Using the listing below, give again exactly the lines from the line with "Snapshot of Prehistorixxx2686" to the line with "Snapshot of toomuchofafreak", inclusive, without the pictures.

== Provided information ==
- Opening Delimiter -

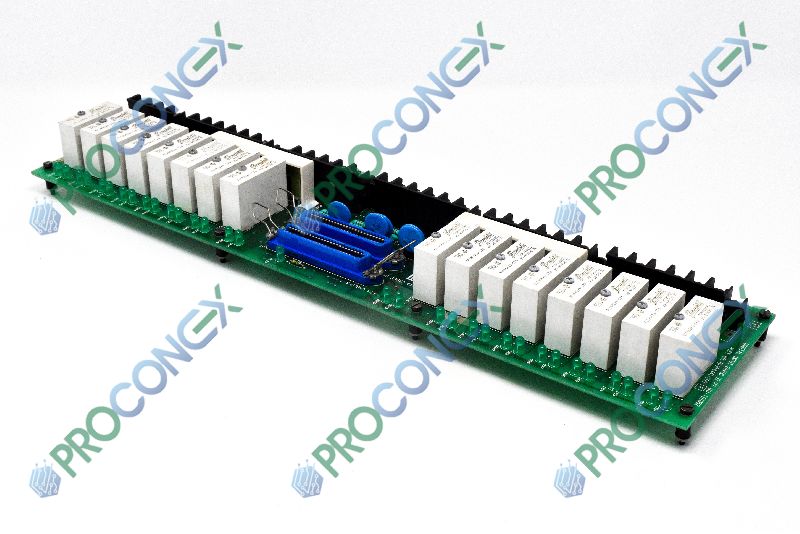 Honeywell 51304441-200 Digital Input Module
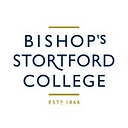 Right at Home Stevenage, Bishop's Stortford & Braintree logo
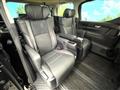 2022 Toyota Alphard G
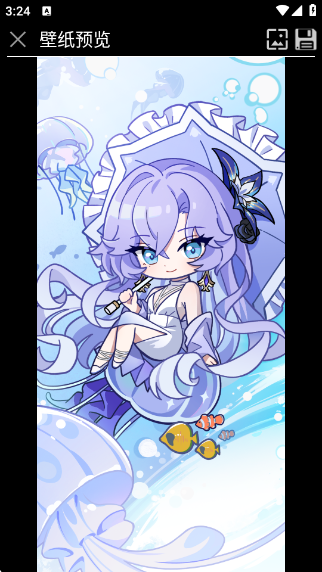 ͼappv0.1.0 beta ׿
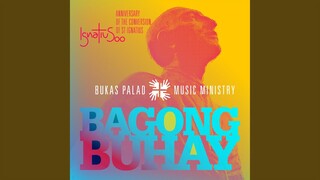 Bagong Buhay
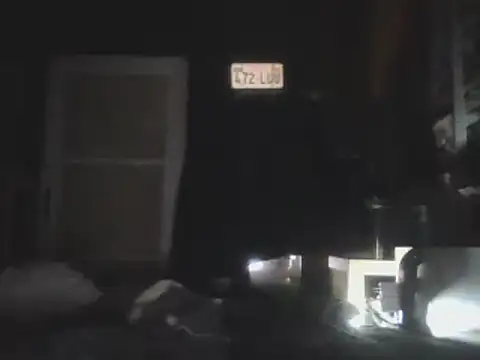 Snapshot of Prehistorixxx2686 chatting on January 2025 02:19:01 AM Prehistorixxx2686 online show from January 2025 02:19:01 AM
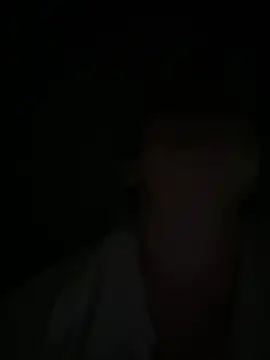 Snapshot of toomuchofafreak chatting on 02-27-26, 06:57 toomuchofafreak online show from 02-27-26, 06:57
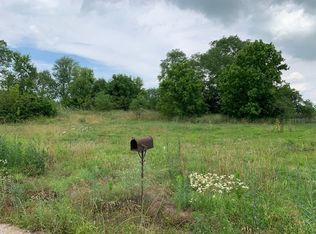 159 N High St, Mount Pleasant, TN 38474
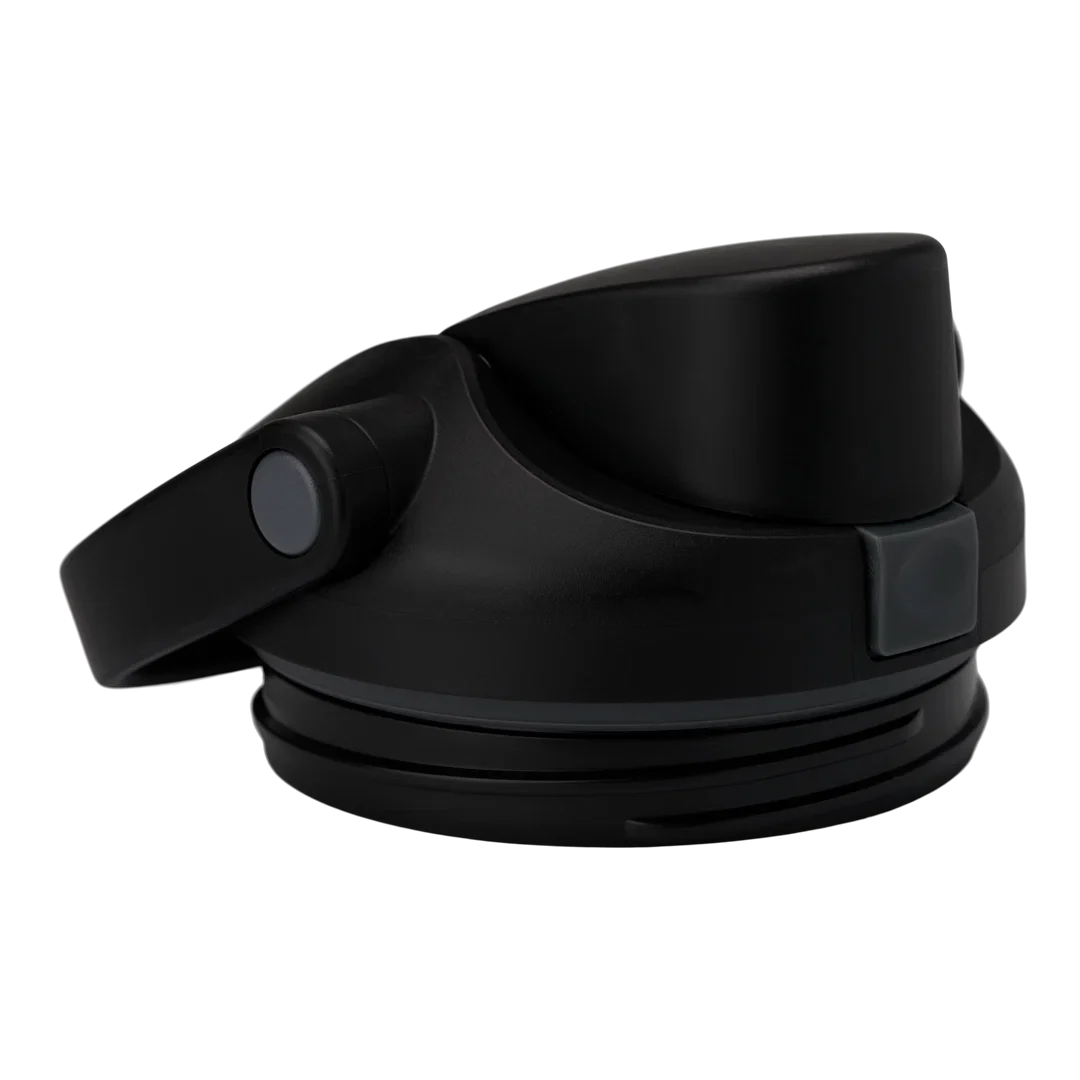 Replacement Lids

- Closing Delimiter -
- Opening Delimiter -

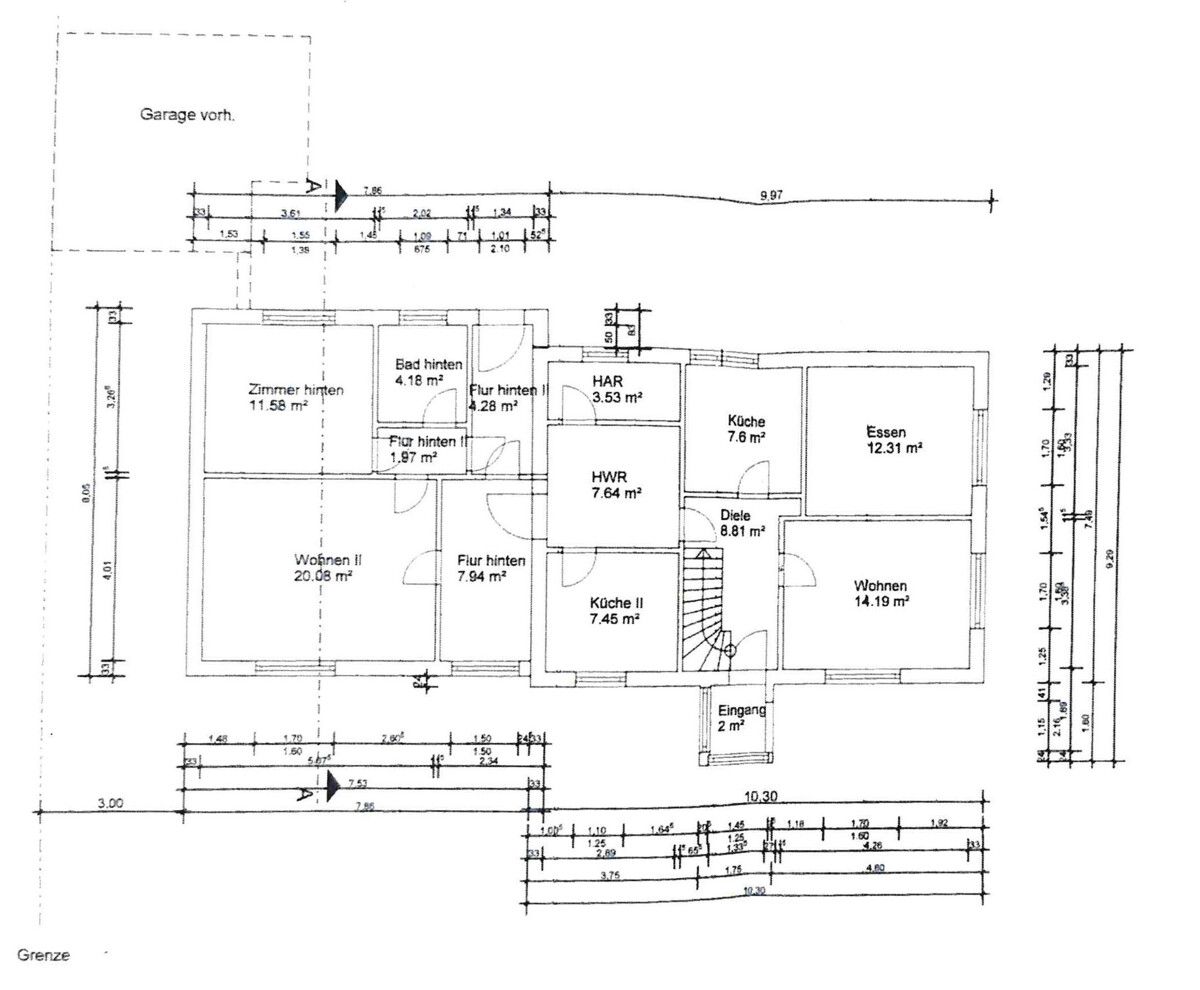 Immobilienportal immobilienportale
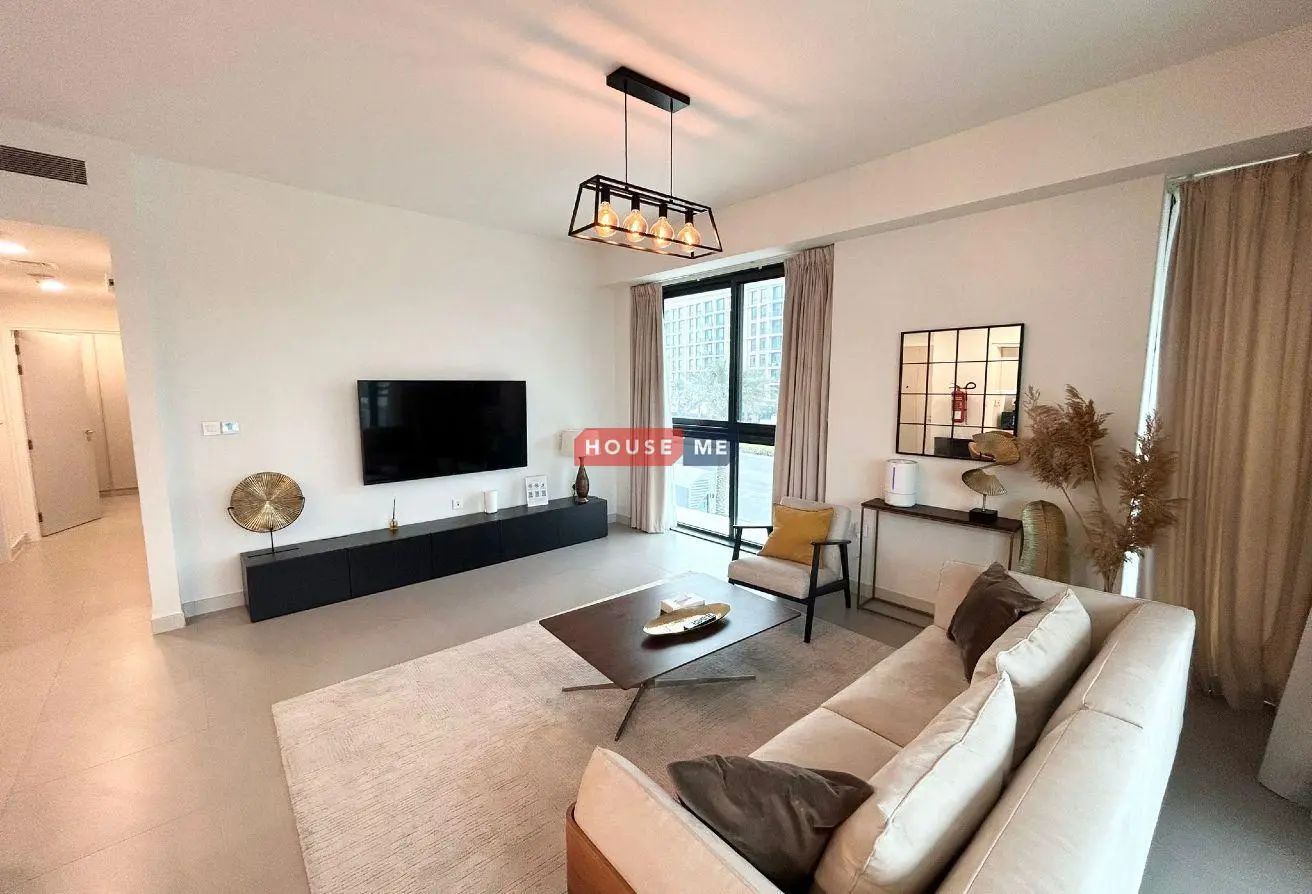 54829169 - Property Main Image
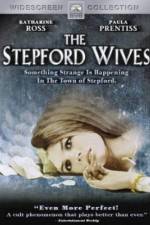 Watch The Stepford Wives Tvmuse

- Closing Delimiter -
- Opening Delimiter -

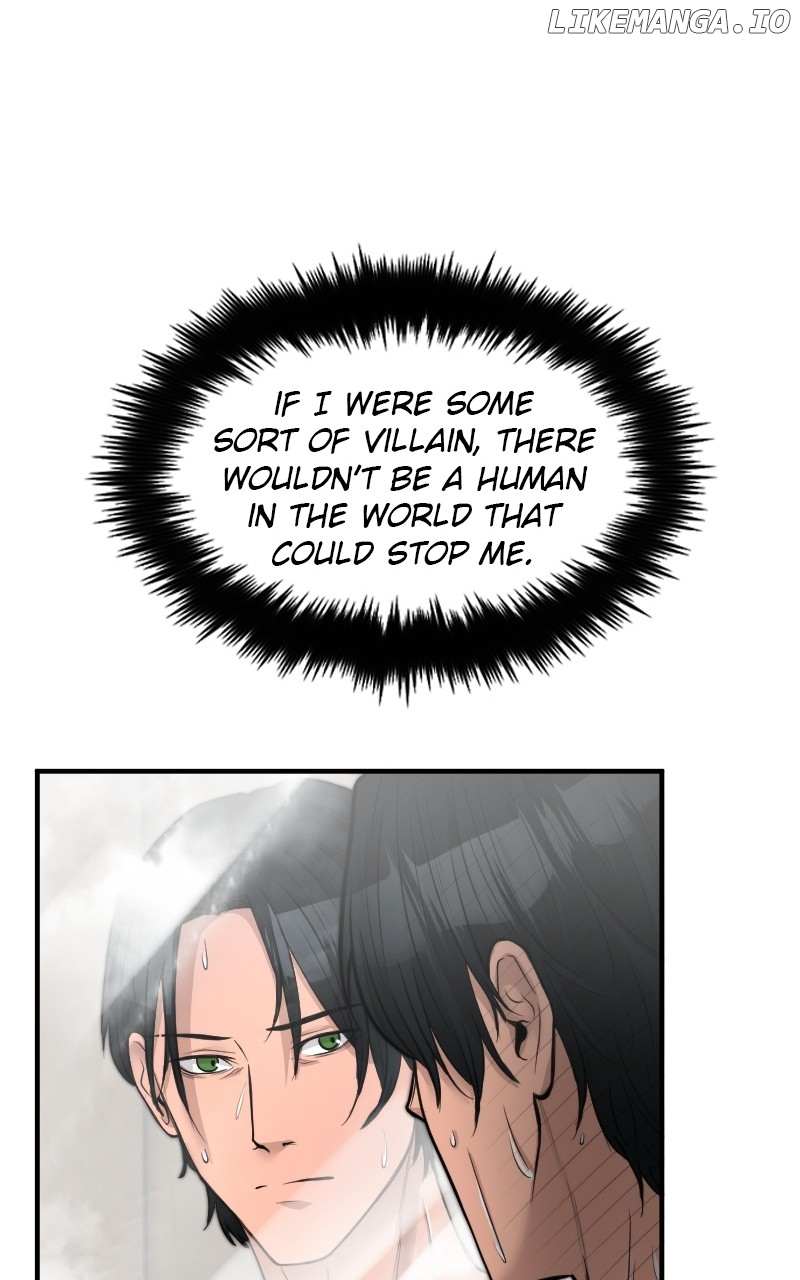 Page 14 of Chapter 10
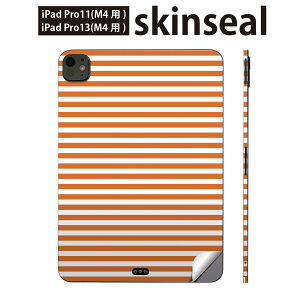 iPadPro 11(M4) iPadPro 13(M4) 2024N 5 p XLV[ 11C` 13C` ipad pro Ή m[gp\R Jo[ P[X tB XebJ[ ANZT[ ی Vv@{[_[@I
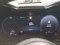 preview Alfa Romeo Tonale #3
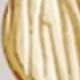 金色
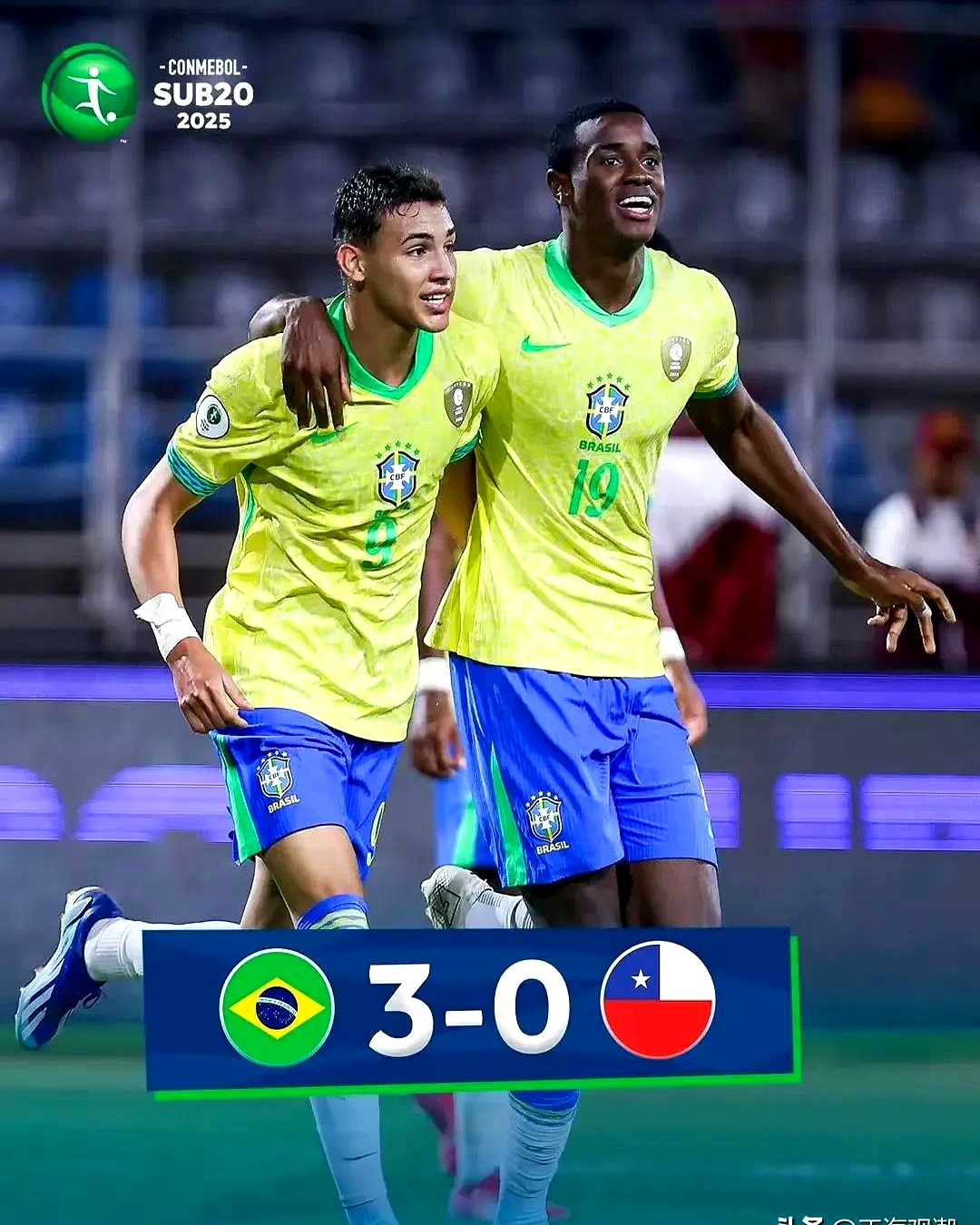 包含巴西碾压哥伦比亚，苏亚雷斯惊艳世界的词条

- Closing Delimiter -

== Exercise result ==
 Snapshot of Prehistorixxx2686 chatting on January 2025 02:19:01 AM Prehistorixxx2686 online show from January 2025 02:19:01 AM
 Snapshot of toomuchofafreak chatting on 02-27-26, 06:57 toomuchofafreak online show from 02-27-26, 06:57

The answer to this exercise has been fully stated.